Theoretical Description

The mapie.regression.MapieRegressor class uses various resampling methods based on the jackknife strategy recently introduced by Foygel-Barber et al. (2020) [1]. They allow the user to estimate robust prediction intervals with any kind of machine learning model for regression purposes on single-output data. We give here a brief theoretical description of the methods included in the module.

Before describing the methods, let’s briefly present the mathematical setting. For a regression problem in a standard independent and identically distributed (i.i.d) case, our training data (X, Y) = \{(x_1, y_1), \ldots, (x_n, y_n)\} has an unknown distribution P_{X, Y}. We can assume that Y = \mu(X)+\epsilon where \mu is the model function we want to determine and \epsilon_i \sim P_{Y \vert X} is the noise.

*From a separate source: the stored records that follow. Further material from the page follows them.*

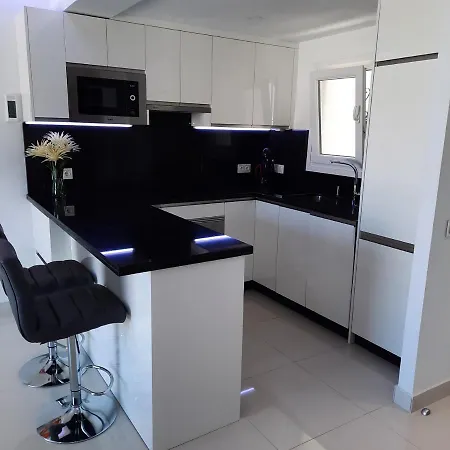 公寓 Bonito Apartamento *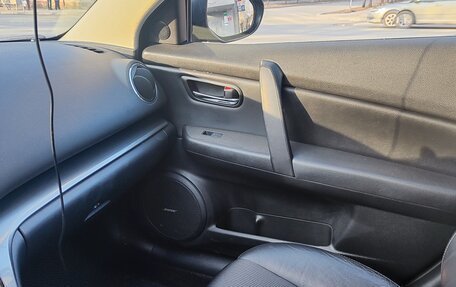 Mazda 6, 2012 год, 1 220 000 рублей, 6 фотография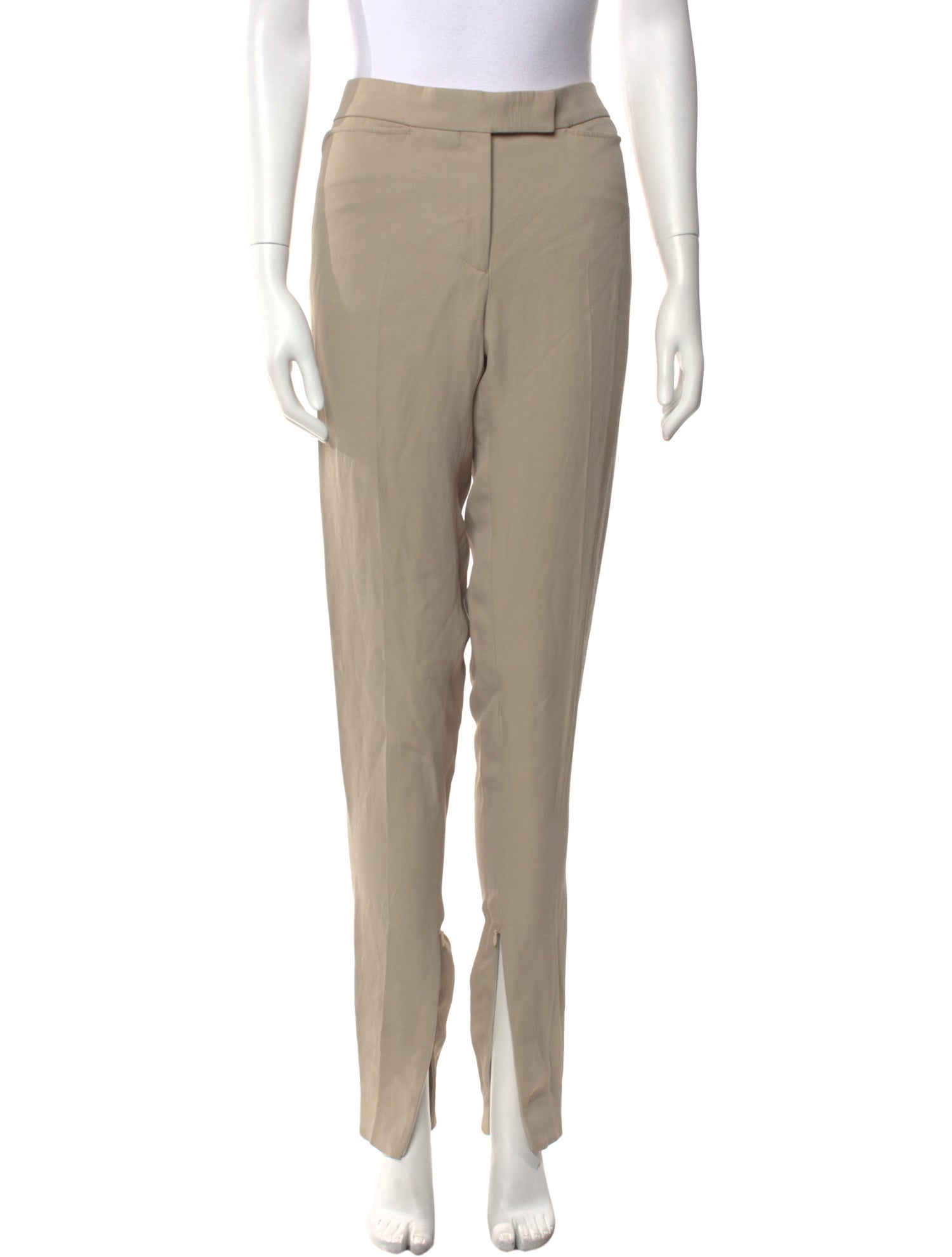 Tom Ford Skinny Leg Pants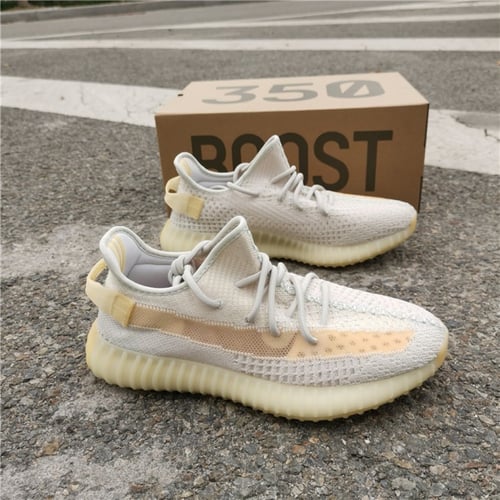 Yeezy Boost 350 V2 Light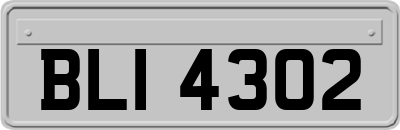 BLI4302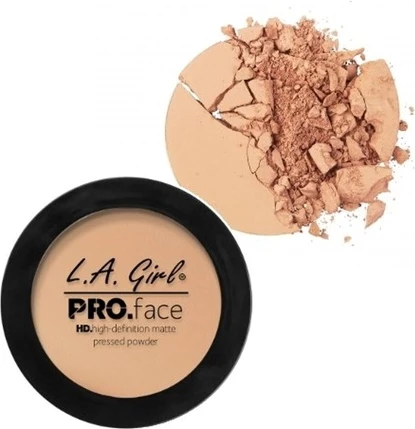 Powder L.A. Girl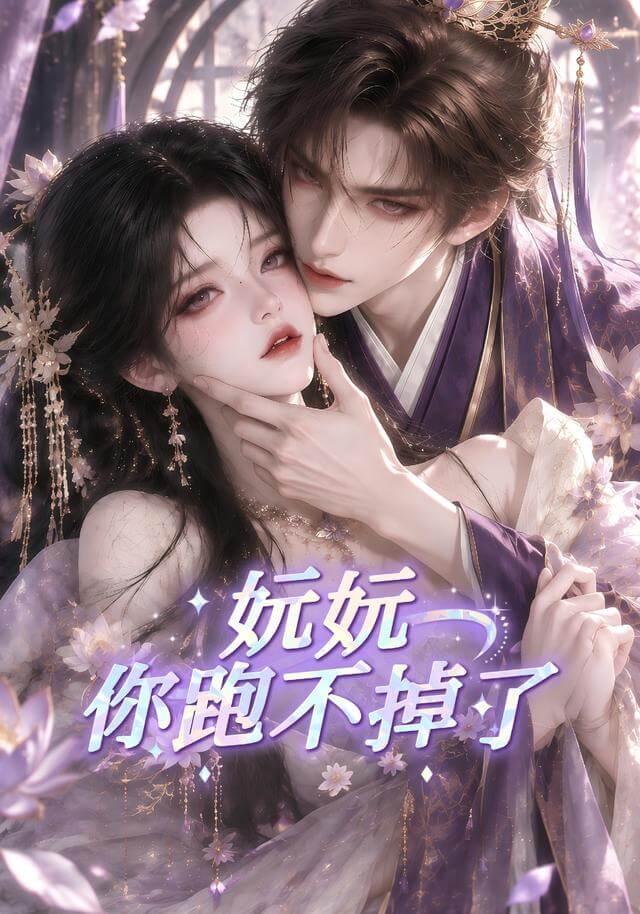 妧妧你跑不掉了（漫劇）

Given some target quantile \alpha or associated target coverage level 1-\alpha, we aim at constructing a prediction interval \hat{C}_{n, \alpha} for a new feature vector X_{n+1} such that

P \{Y_{n+1} \in \hat{C}_{n, \alpha}(X_{n+1}) \} \geq 1 - \alpha

1. The “Naive” method

The so-called naive method computes the residuals of the training data to estimate the typical error obtained on a new test data point. The prediction interval is therefore given by the prediction obtained by the model trained on the entire training set \pm the quantiles of the residuals of the same training set:

\hat{\mu}(X_{n+1}) \pm ((1-\alpha) \textrm{quantile of} |Y_1-\hat{\mu}(X_1)|, ..., |Y_n-\hat{\mu}(X_n)|)

or

\hat{C}_{n, \alpha}^{\rm naive}(X_{n+1}) = \hat{\mu}(X_{n+1}) \pm \hat{q}_{n, \alpha}^+{|Y_i-\hat{\mu}(X_i)|}

where \hat{q}_{n, \alpha}^+ is the (1-\alpha) quantile of the distribution.

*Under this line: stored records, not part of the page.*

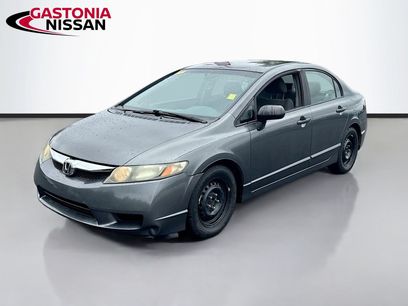 Used 2010 Honda Civic DX-VP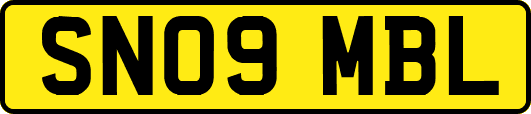 SN09MBL
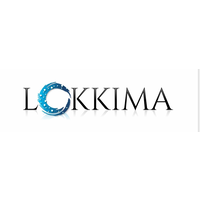 Lokkima: logo, Lokkima: contact details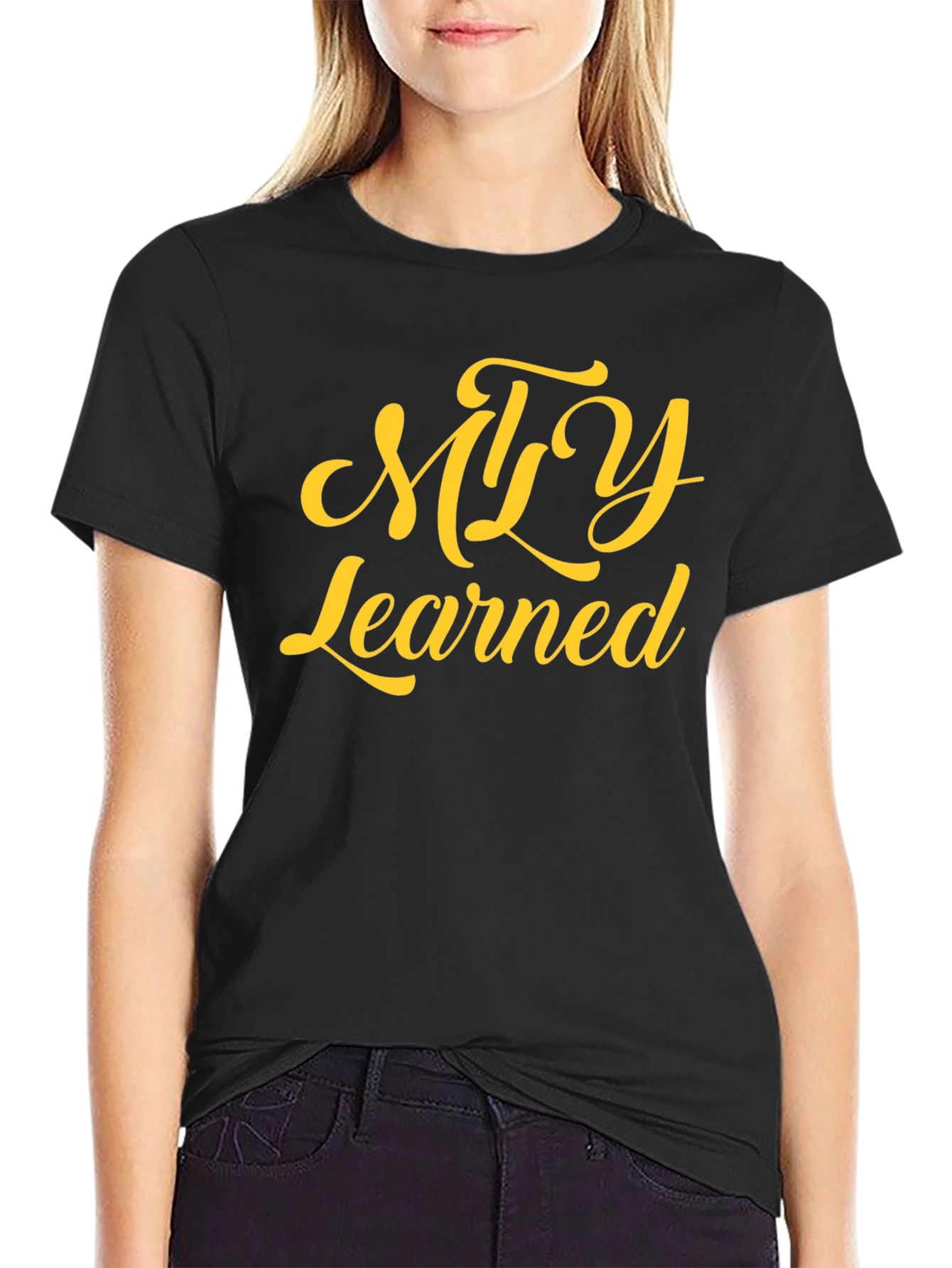 MTY Learned T-Shirt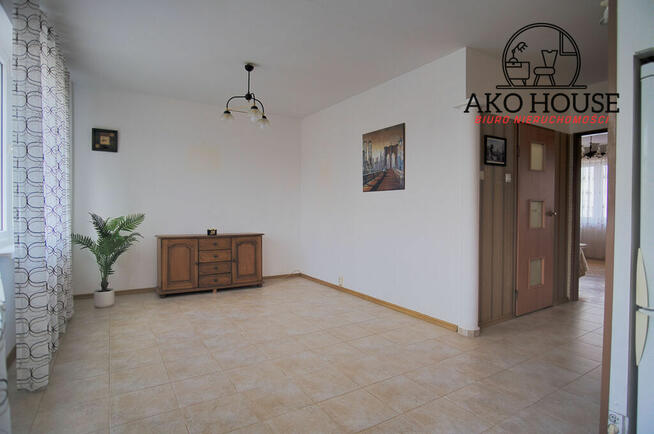 Mieszkanie 4 pokoje/ 72m2/Zielone Wzgórza/ balkon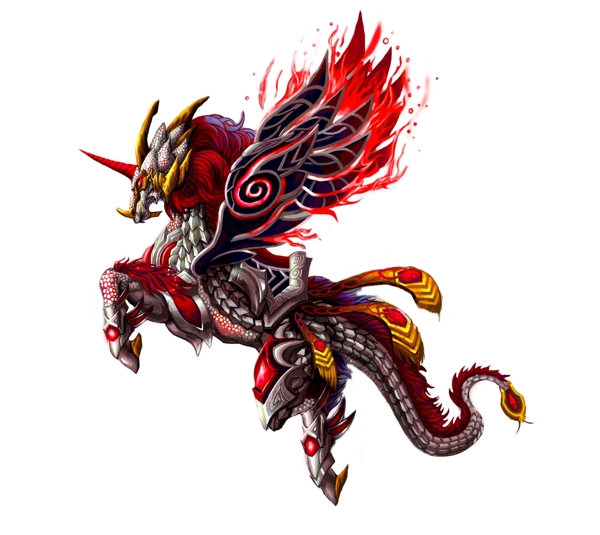 獨(dú)角獸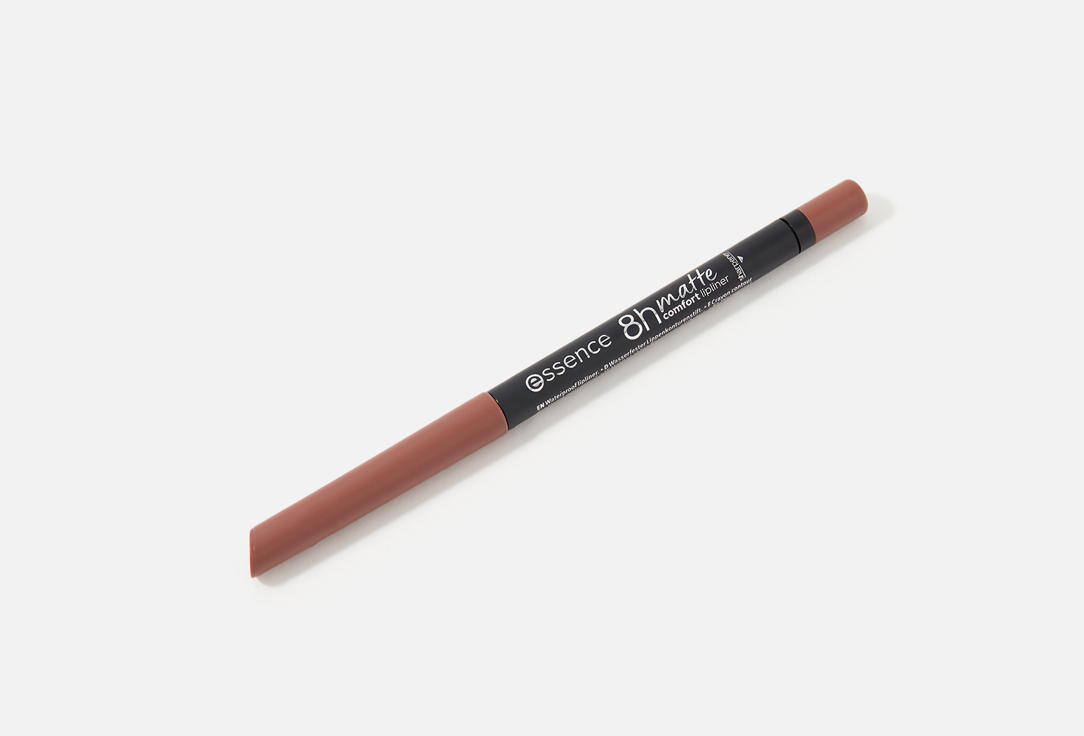 essence Lipliner 8h matte comfort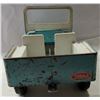 Image 5 : VINTAGE TONKA JEEP AND TRAILER!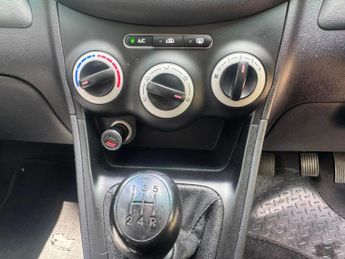 HYUNDAI I10 1.2 Comfort Euro 4 5dr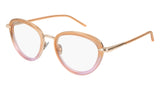 Pomellato Griffe PM0058O Eyeglasses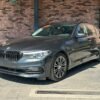 BMW SERIE 5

Since this method estimates the residuals only on the training set, it tends to be too optimistic and under-estimates the width of prediction intervals because of a potential overfit. As a result, the probability that a new point lies in the interval given by the naive method would be lower than the target level (1-\alpha).

The figure below illustrates the Naive method.

_images/jackknife_naive.png

2. The jackknife method

The standard jackknife method is based on the construction of a set of leave-one-out models. Estimating the prediction intervals is carried out in three main steps:

  • For each instance i = 1, …, n of the training set, we fit the regression function \hat{\mu}_{-i} on the entire training set with the i^{th} point removed, resulting in n leave-one-out models.

  • The corresponding leave-one-out residual is computed for each i^{th} point |Y_i - \hat{\mu}_{-i}(X_i)|.

  • We fit the regression function \hat{\mu} on the entire training set and we compute the prediction interval using the computed leave-one-out residuals:

\hat{\mu}(X_{n+1}) \pm ((1-\alpha) \textrm{ quantile of } |Y_1-\hat{\mu}_{-1}(X_1)|, ..., |Y_n-\hat{\mu}_{-n}(X_n)|)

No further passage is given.